Creeping signalgrass


Creeping signalgrass: Urochloa humidicola



Stoloniferous, culms ascending, or decumbent; 40–100 cm long; without nodal roots, or rooting from lower nodes. Ligule a fringe of hairs. Leaf-blades linear, or lanceolate; 4–20 cm long; 3–10 mm wide.

Inflorescence composed of 2-3 racemes, borne along a central axis; unilateral; 2–7 cm long. Central inflorescence axis 2–13 cm long. Rachis wingless, or narrowly winged; angular. Spikelet packing adaxial; regular; 2 -rowed.



Africa (native), Australia, Central and South America and Florida (introduced).


Creeping signalgrass, also commonly referred to as koronivia grass, is a warm season perennial grass native to Africa. Four accessions of creeping signalgrass were introduced into the USA from Swaziland and South Africa between 1964 and 1971. In Florida, the grass was tested for its forage value at several locations as recently as 1998.    
In 2014, creeping signalgrass was observed reaching high densities in disturbed areas near Fort Pierce and Ona, Florida, and encroaching on natural areas. It has also been observed in the Corkscrew Regional Ecosystem Watershed. These observations suggest that creeping signalgrass may have the potential to become invasive in Florida. The purpose of this weed alert is to inform land managers about the presence of creeping signalgrass, and to ask for assistance in locating new infestations.

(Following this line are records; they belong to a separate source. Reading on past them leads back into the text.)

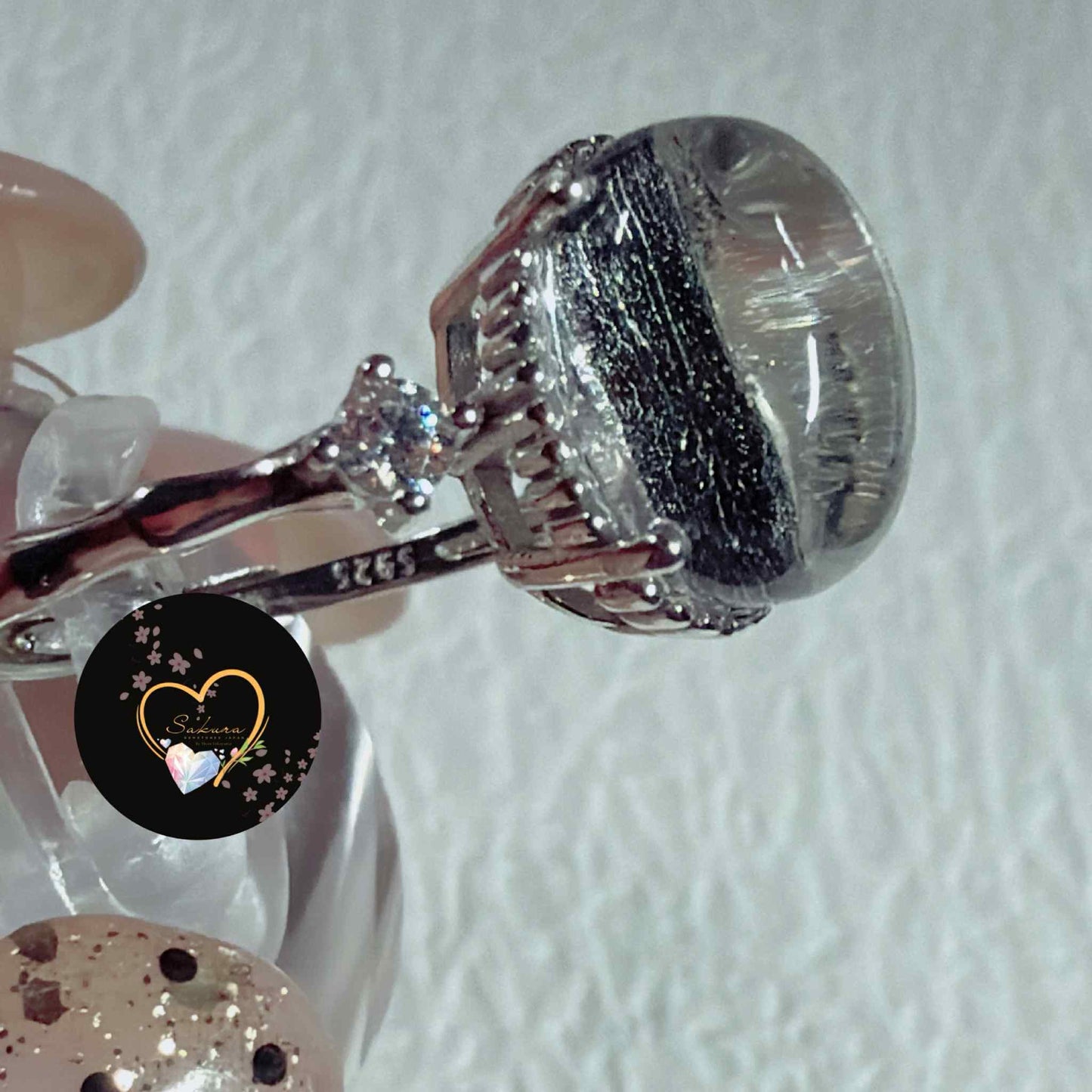 s925 Silver Setting BLACK TOURMALINE Ring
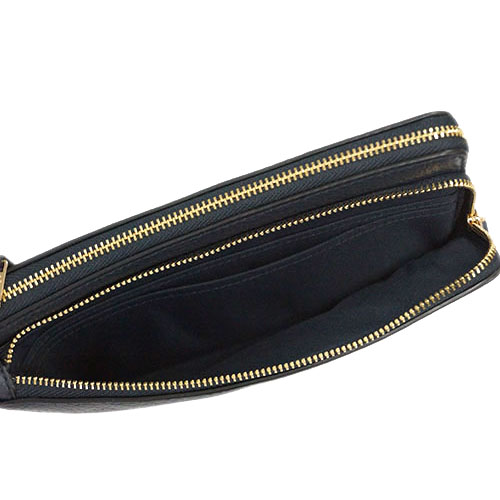 Coach Large Wristlet Pebbled Leather Double Zip Wristlet Midnight Navy Dark Blue # C5610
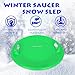 Slippery Racer Heavy-Duty Cold Resistant Downhill Pro Adults and Kids Plastic Outdoor Winter Saucer Disc Snow Sled with Handles (Green, 1 Pack)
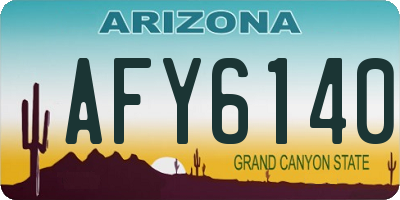 AZ license plate AFY6140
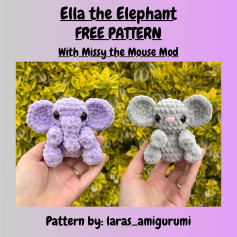 Free Crochet Pattern: Ella the Elephant & Missy the Mouse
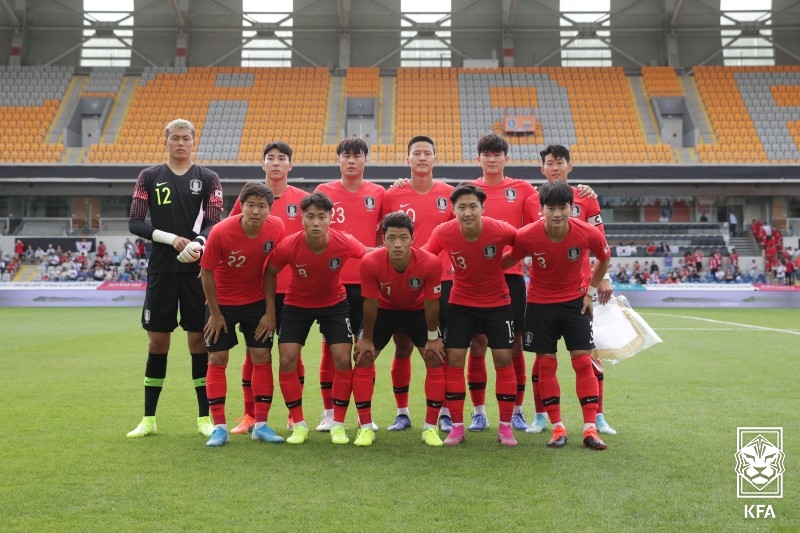 ▲ 2019년 김민재와 함께 합을 맞췄던 박지수 ⓒ대한축구협회
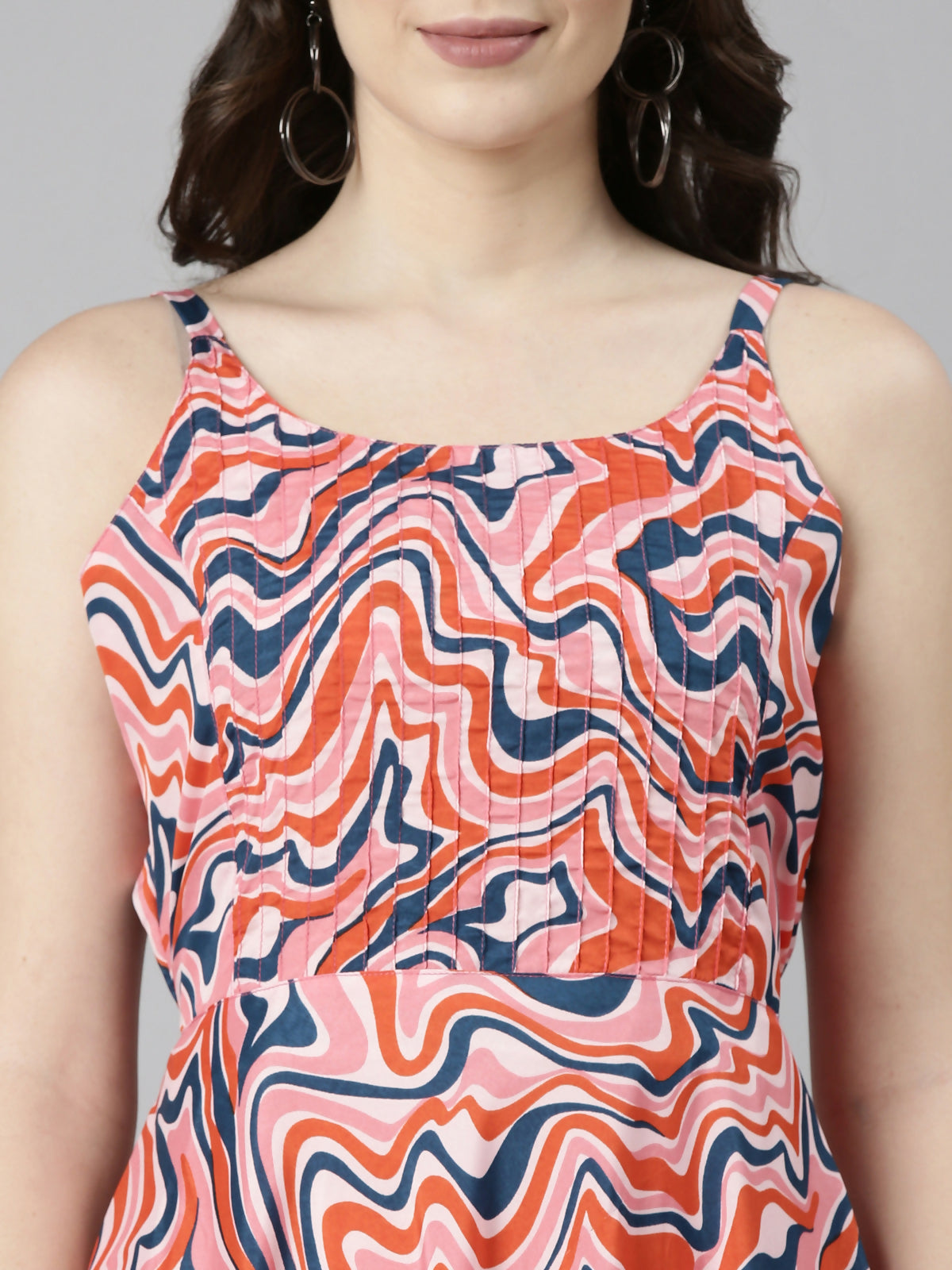 Souchii Multicolour Abstract Print Fit & Flare Midi Dress | Grocsy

Creeping signalgrass grows vigorously from May to October, and flowers continuously during this period. In the cooler months, growth slows and it is reportedly sensitive to freezes. It tends to grow in nearly monospecific patches, with a thick layer of thatch accumulating under the grass. Studies in Brazil demonstrated its ability to displace native species, and it is also considered invasive in Australia. The UF/IFAS Assessment of Non-native Plants in Florida’s Natural Areas has rated creeping signalgrass as having a high risk for becoming invasive in Florida.